Fitbit has won the trademark infringement lawsuit case that UK-based Fitbug brought against it in March 2013, according to court documents posted last month. As it happens with cases like these, there were a number of claims and counterclaims, but the crucial blow to Fitbug's suit was that the company waited four and a half years -- too long -- to bring it to the court's attention.
"In this case, the Court finds that Fitbug knew or should have known of the likelihood of confusion by, at the latest, September 2008, after Fitbit's launch," the judge writes. "While Fitbit was not yet shipping its products, at that time, Fitbit was selling similar devices 'in the same geographic area under [a] remarkably similar name'. As a result, a prudent business person should have recognized the likelihood of confusion at that point."

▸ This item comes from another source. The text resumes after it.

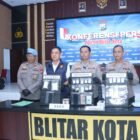 Wakapolres Blitar Kota Kompol Subiyantana didampingi Kasat Resnarkoba Iptu Bambang Dwi Wahyono saat menyampaikan pengungkapan kasus narkotika dan obat keras berbahaya.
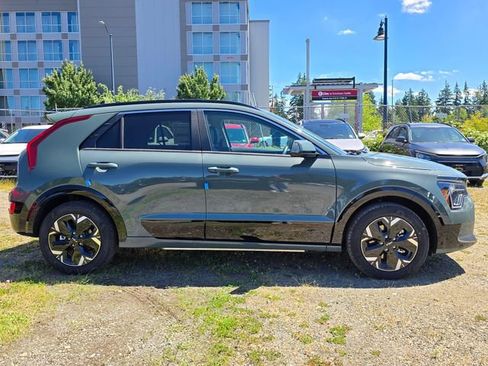 New 2026 Kia Niro Wind FWD image 6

The court document includes a number of interesting bits of trivia about Fitbit. The company was founded in March 2007 and its name was chosen after a poll conducted on Facebook. According to the court document, Fitbit CEO James Park said that at the time the name was chosen no one at Fitbit knew Fitbug existed. Later, by December 2007, however, Fitbit cofounder Eric Friedman sent Park an email that included a link to the Fitbug website. Park said that he thought little of the link at the time, according to the document.
Here are some more of the "undisputed facts" of the case, according to the court, including the time Fitbug CEO Paul Landau apparently referred to Fitbit as "thieving bastards":
"Fitbit announced its products on September 9, 2008 and began receiving significant media coverage. By the next day, Fitbit's website was active and visitors to the site could see Fitbit's trademark, learn about its products, and place an order for the original Fitbit device. Beginning that day and continuing for some time after, individuals within and outside the Fitbug organization contacted Fitbug to point out Fitbit's entry in the market. Those emails refer to Fitbit as, among other things, '[a]nother competitor,' suggest aspects of Fitbit's user interface are a 'total ripoff,' and note that while Fitbit's entry into the market is '[n]othing to panic about, . . . [Fitbit] will become an issue and I'd rather be one step ahead.' In reference to Fitbit's announced products and user interface, a consultant wrote to Paul Landau, Fitbug's CEO, that Fitbit 'appears to be doing what Fitbug does but slightly more . . .' and noting that Fitbit 'appear[s] to only be available in the US.'"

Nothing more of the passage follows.